Why is organizational failure so endemic to Metrorail?

After the crash I did write a piece suggesting that 30ish years after the initial opening, it was time to rebuild regional consensus about transit and Metrorail.  That didn't happen and later I suggested the same thing, using the 40th anniversary of initial operation as the lever.  

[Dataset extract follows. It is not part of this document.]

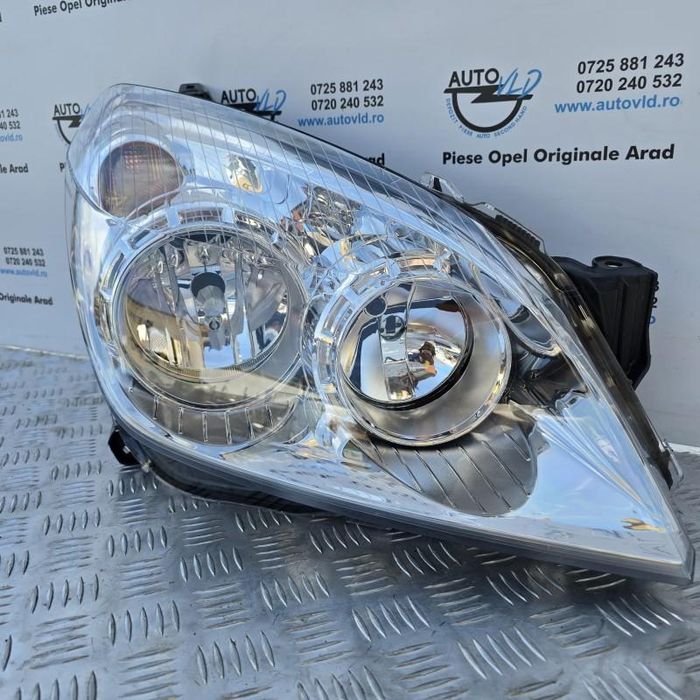 Far dreapta crom halogen Opel Astra H GTC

-- Getting WMATA out of crisis: a continuation of a multi-year problem that keeps getting worse, not better, (2015)
-- What it will take to get WMATA out of crisis (2015)
-- What it will take to get WMATA out of crisis continued and 2016's 40th anniversary of WMATA as an opportunity to rebuild (2015)
-- "WMATA and two types of public relations programs (2015)
-- WMATA 40th anniversary in 2016 as an opportunity for assessment (2014)
-- St. Louis regional transit planning process as a model for what needs to be done in the DC Metropolitan region (2009)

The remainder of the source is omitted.